Task requirements: Transcribe, exactly and without pictures, the lines below from the line with "Vestido midi rosa fluido" to the line with "VW Passat Variant 2.0TDI DSG - 15", both ends included, and no others.
*** Opening of Dataset ***
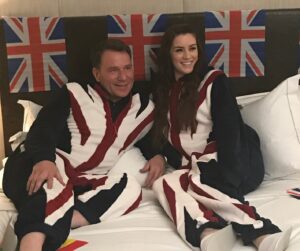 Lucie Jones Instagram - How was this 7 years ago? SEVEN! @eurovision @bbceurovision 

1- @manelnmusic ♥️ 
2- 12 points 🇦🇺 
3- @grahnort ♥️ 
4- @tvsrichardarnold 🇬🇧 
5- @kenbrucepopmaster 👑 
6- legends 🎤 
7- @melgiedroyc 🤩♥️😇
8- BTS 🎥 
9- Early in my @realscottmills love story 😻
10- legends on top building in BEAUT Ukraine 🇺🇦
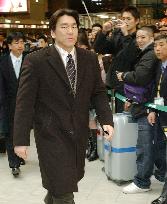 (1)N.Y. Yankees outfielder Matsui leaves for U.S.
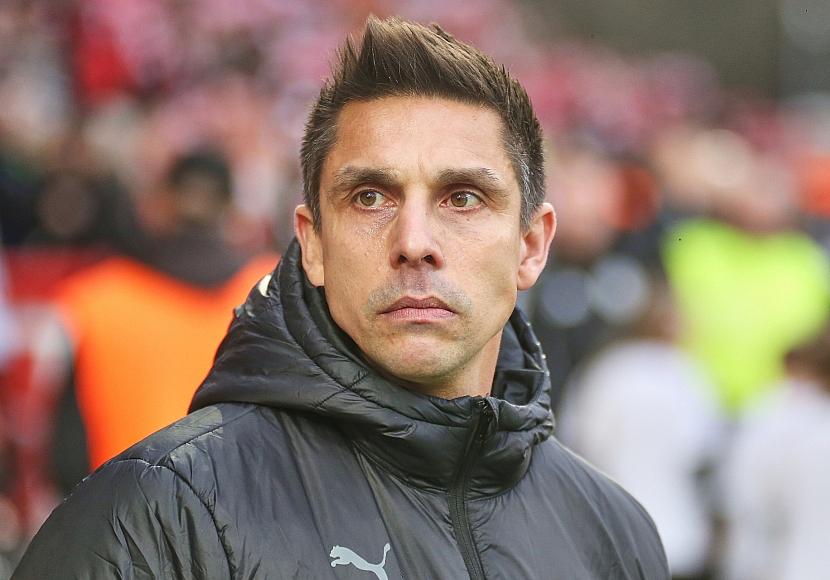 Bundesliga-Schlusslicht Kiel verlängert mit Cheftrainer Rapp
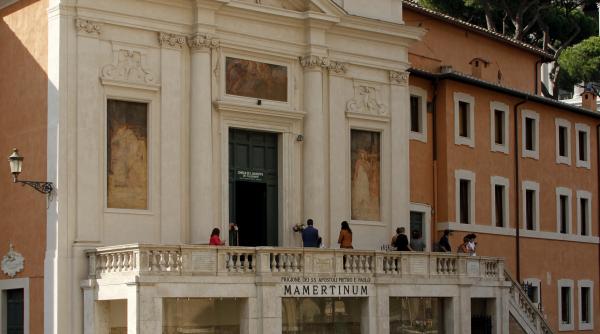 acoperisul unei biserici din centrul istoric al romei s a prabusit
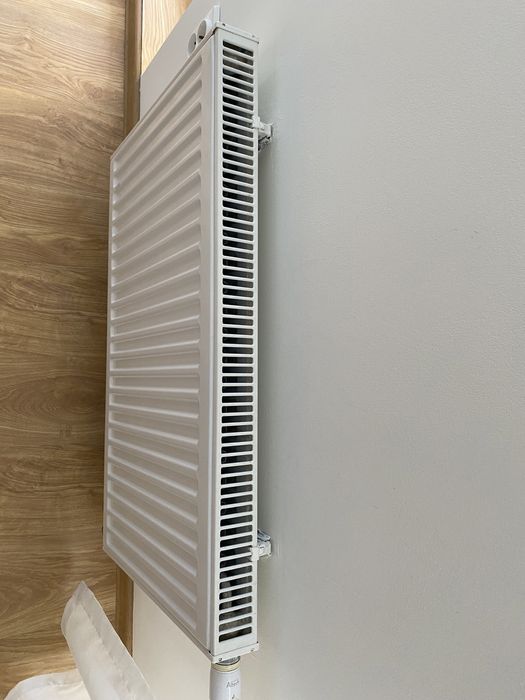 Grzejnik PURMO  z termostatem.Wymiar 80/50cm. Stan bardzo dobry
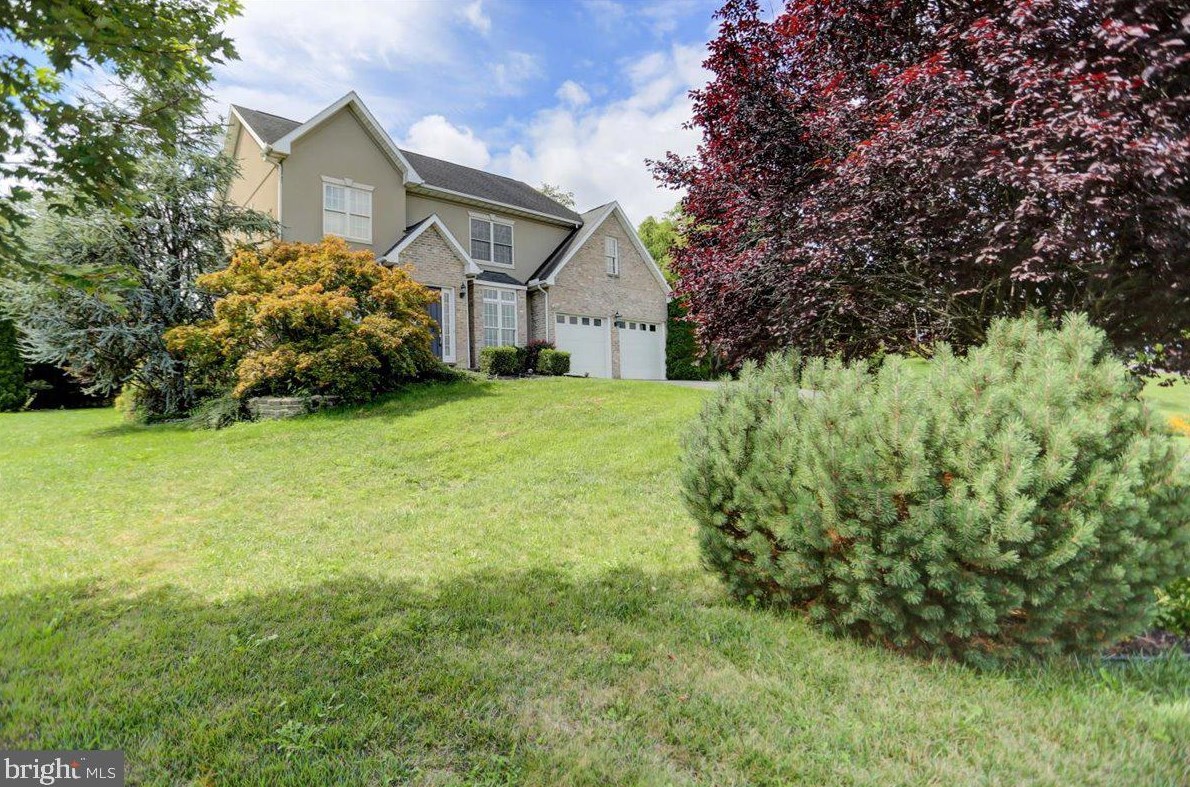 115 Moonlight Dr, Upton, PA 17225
*** Close of Dataset ***
*** Opening of Dataset ***
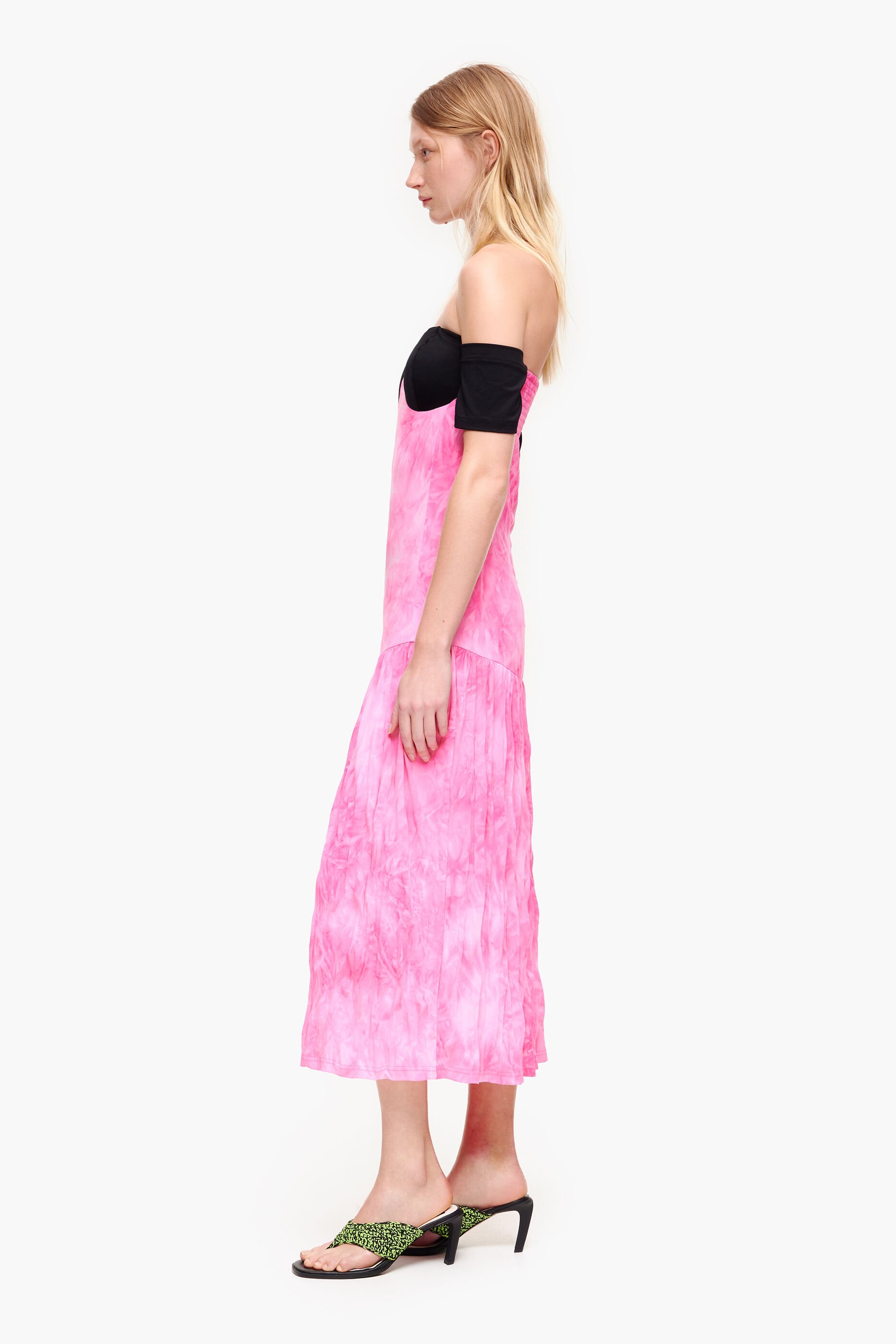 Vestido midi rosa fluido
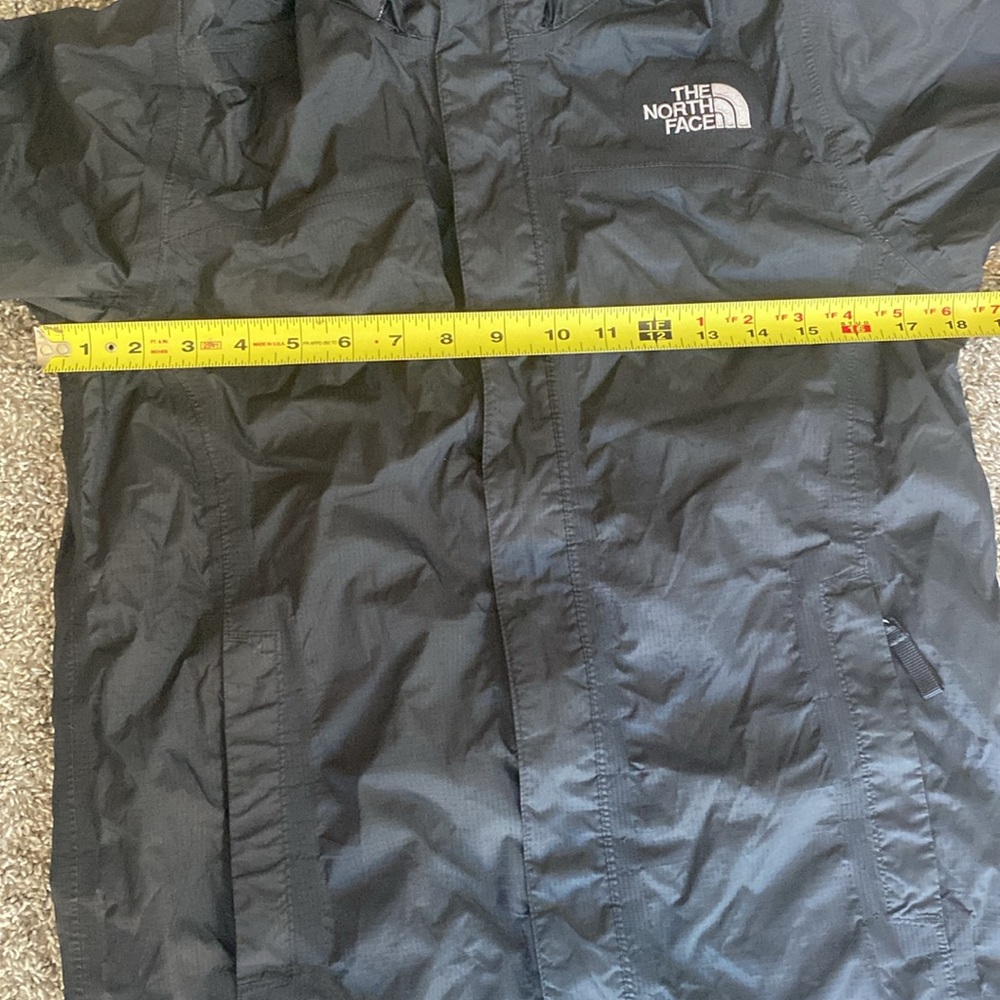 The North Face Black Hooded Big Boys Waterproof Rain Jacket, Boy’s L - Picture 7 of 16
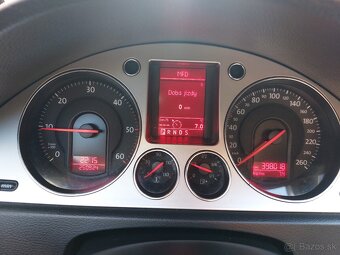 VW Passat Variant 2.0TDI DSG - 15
*** Close of Dataset ***
*** Opening of Dataset ***
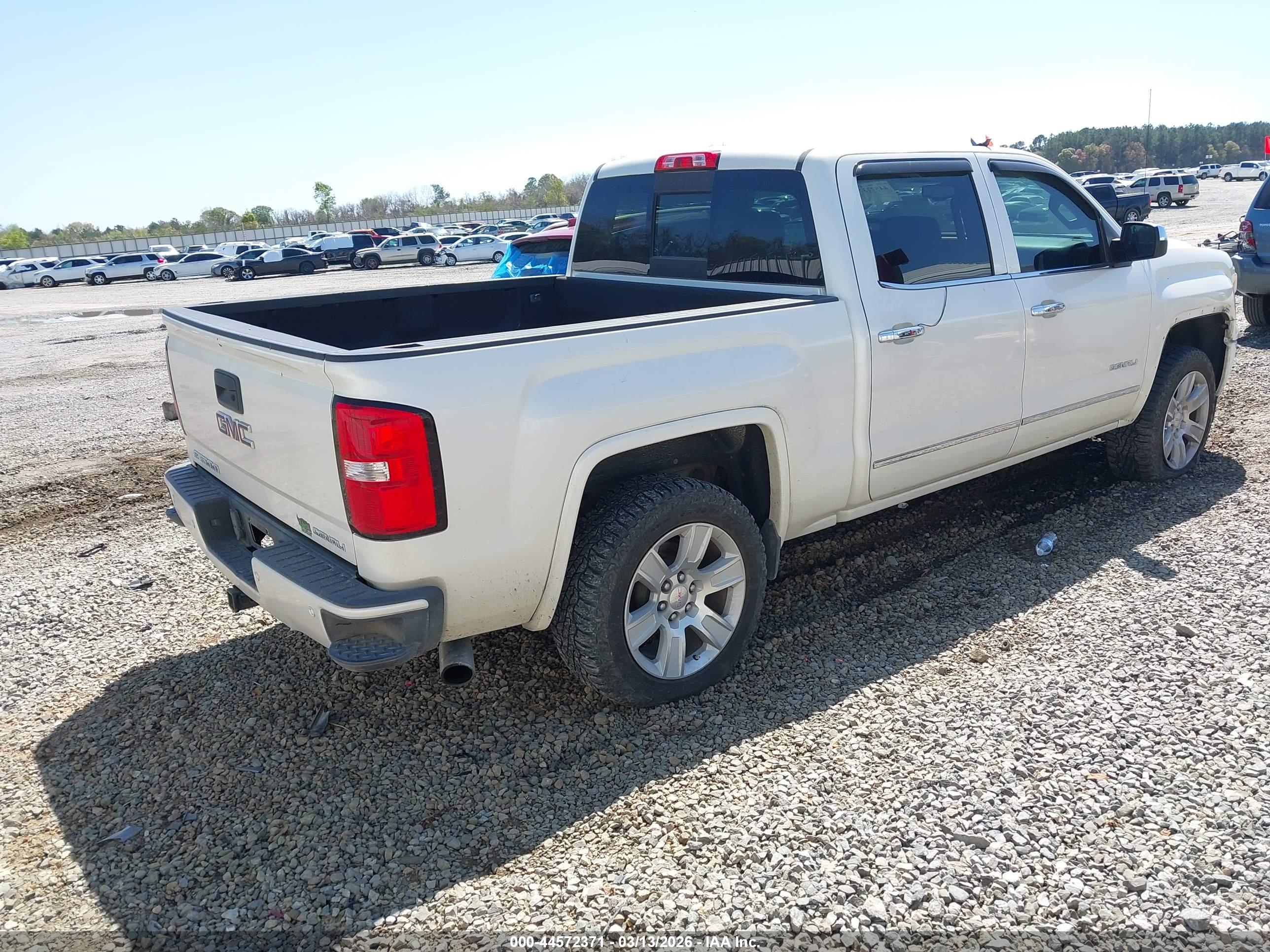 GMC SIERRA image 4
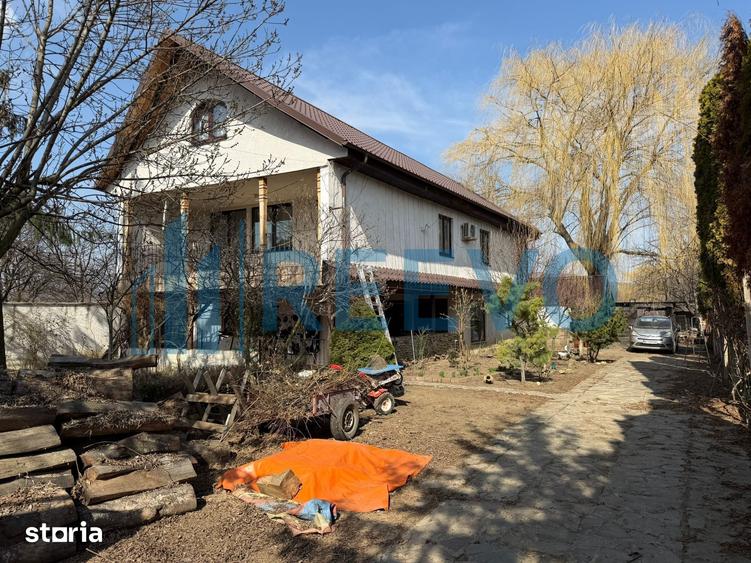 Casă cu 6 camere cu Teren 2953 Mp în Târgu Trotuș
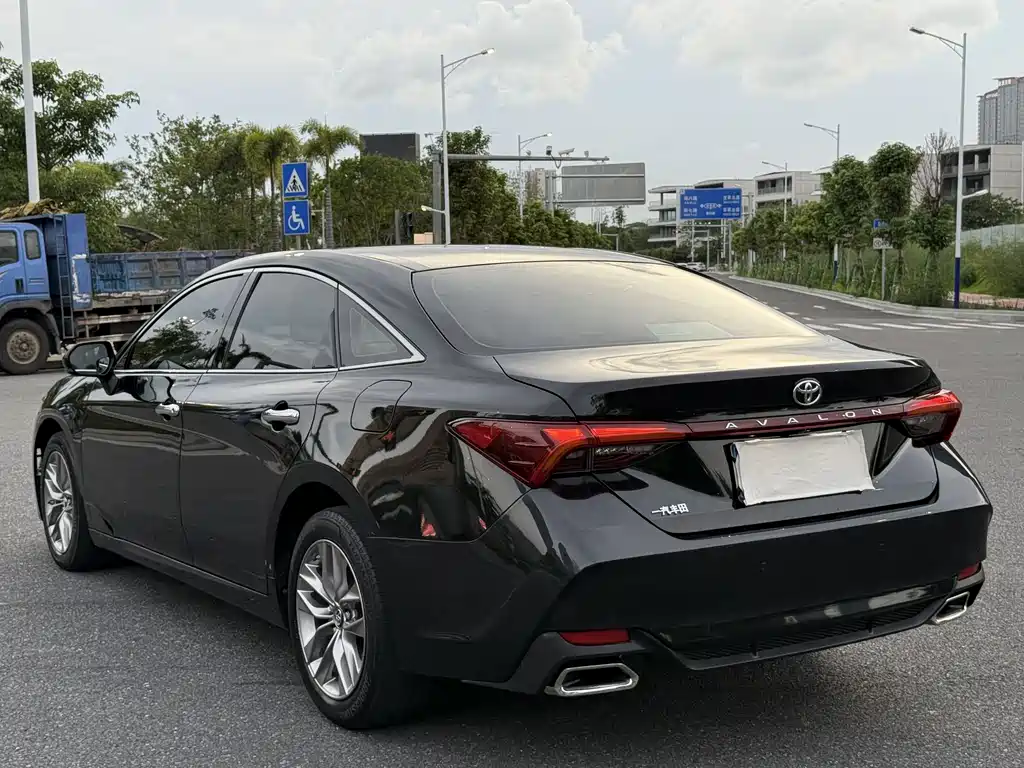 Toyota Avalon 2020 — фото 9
*** Close of Dataset ***
Solution below:
 Vestido midi rosa fluido
 The North Face Black Hooded Big Boys Waterproof Rain Jacket, Boy’s L - Picture 7 of 16
 VW Passat Variant 2.0TDI DSG - 15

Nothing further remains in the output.